В условиях очевидного банкротства западнической модернизации, основанной на модели «догоняющего развития», перед славянскими и тюрко-мусульманскими народами постсоветского пространства встает одна и та же дилемма. Можно пойти по пути фундаменталистского обуздания сил нигилизма, мобилизовав для этого патриархальный архетип отца, особо сильный в мусульманской культуре, но не чуждый и православию. Это было бы чревато возрождением теократической утопии с последующим ее воплощением в режимах типа Хомейни в Иране. Это можно интерпретировать как доведенную до крайнего предела утопию стабильности.
Но можно мобилизовать противоположную идею формационного рывка в ее радикализированном варианте «опережающего развития». Здесь, несомненно, пригодится архетип младшего брата. Младший брат органически не способен следовать модели догоняющего развития – педантичное ученичество и путь медленных приобретений ему органически чужды. Здесь кроется социокультурная предпосылка для формационного скачка, перепрыгивания через этапы, устремления в постиндустриальное будущее, не дожидаясь законченного развертывания индустриальной эпопеи.

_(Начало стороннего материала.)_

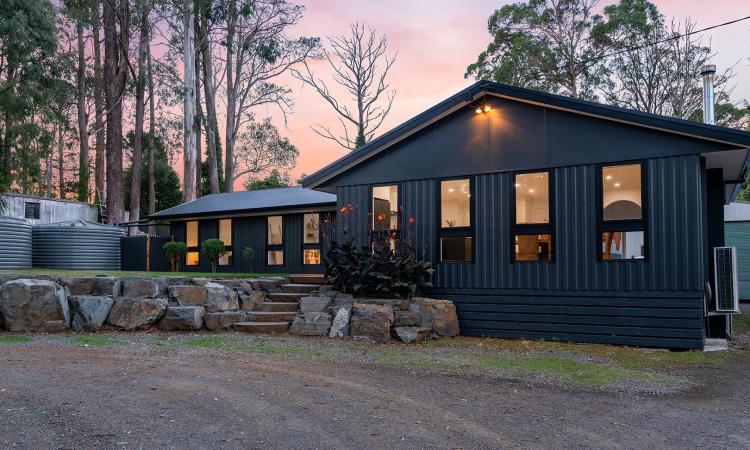 Spacious Family Living Surrounded by Natural Beauty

Безусловно, предостережение современной либеральной мысли по поводу утопий «больших скачков» и опережающих стратегий заслуживает внимания. Но не меньшего внимания заслуживает, на наш взгляд, и критика теории догоняющего развития. Во-первых, эта теория предлагает народам следовать европейским моделям модернизации, не доказав, насколько они обоснованны культурологически, то есть способны вписываться в культурный код незападных цивилизаций. Во-вторых, европейские модели всерьез затрагивают достоинство незападных народов, ставя их в положение пассивных адептов, обучаемых и воспитываемых. Парадокс прорыва как раз и связан с тем, что для него требуются не малые, а большие цели, не рабское подражание, а свободное творчество. Малыми целями нельзя воодушевить народы. Может быть, главный морально-психологический изъян теории догоняющего развития и состоит в навязывании народам заниженных самооценок, что больше способствует демобилизации и деморализации, чем необходимому подъему духа. Наконец, теория догоняющего развития игнорирует главное: моральную устарелость той модели технического развития, которая в свое время обеспечила Западу мощный рывок, но сегодня ведет весь мир к тотальной экологической катастрофе.